Papéis avulsos/Advertência
ADVERTENCIA
Este titulo de Papeis avulsos parece negar ao livro uma certa unidade; faz crer que o autor colligiu varios escriptos de ordem diversa para o fim de os não perder. A verdade é essa, sem ser bem essa. Avulsos são elles, mas não vieram para aqui como passageiros, que acertam de entrar na mesma hospedaria. São pessoas de uma só familia, que a obrigação do pae fez sentar á mesma mesa.
Quanto ao genero delles, não sei que diga que não seja inutil. O livro está nas mãos do leitor. Direi sómente, que se ha aqui paginas que parecem meros contos, e outras que o não são, defendo-me das segundas com dizer que os leitores das outras podem achar nellas algum interesse, e das primeiras defendo-me com S. João e Diderot. O evangelista, descrevendo a famosa besta apocalyptica, accrescentava (XVII, 9): “ E aqui ha sentido, que tem sabedoria.” Menos a sabedoria, cubro-me com aquella palavra. Quanto a Diderot, ninguem ignora que elle, não só escrevia contos, e alguns deliciosos, mas até aconselhava a um amigo que os escrevesse tambem. E eis a razão do encyclopedista: é que quando se faz um conto, o espirito fica alegre, o tempo escoa-se, e o conto da vida acaba, sem a gente dar por isso.
Deste modo, venha donde vier o reproche[1], espero que dahi mesmo virá a absolvição.
Machado de Assis
Outubro de 1882.
Notas
[editar]- ↑ Veja Nota no fim.
Deste modo, venha d’onde vier o reproche...

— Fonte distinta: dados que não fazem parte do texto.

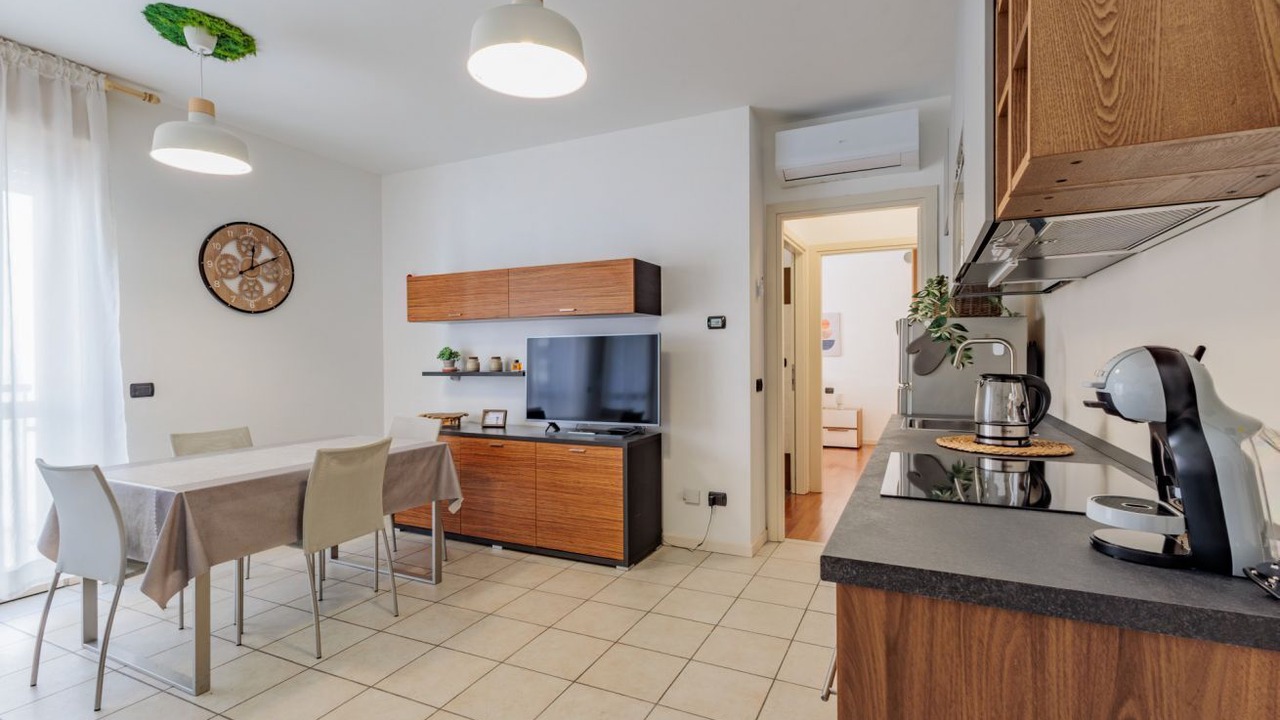 Photo of Kitchen in Bergamo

Não ousava fazer-lhe nenhuma queixa ou reproche. |
ADVERTENCIA
pag. 19. |
Cerca de dous annos para cá, recebi duas cartas anonymas, escriptas por pessôa intelligente e sympathica, em que me foi notado o uso do vocabulo reproche. Não sabendo como responda ao meu estimavel correspondente, aproveito esta occasião.
Reproche não é gallicismo. Nem reproche nem reprochar. Moraes cita, para o verbo, este trecho dos Ined. II fl. 259: “hum non tinha que reprochar ao outro”; e aponta os logares de Fernando de Lucena, Nunes de Leão e D. Francisco Manoel de Mello, em que se encontra o substantivo reproche. Os hespanhoes tambem os possuem.
Resta a questão de euphonia. Reproche não parece mal soante. Tem contra si o desuso. Em todo caso, o vocabulo que lhe está mais proximo no sentido, exprobração, acho que é insupportavel. Dahi a minha insistencia em preferir o outro, devendo notar-se que não o vou buscar para dar ao estylo um verniz de extranheza, mas quando a ideia o traz comsigo.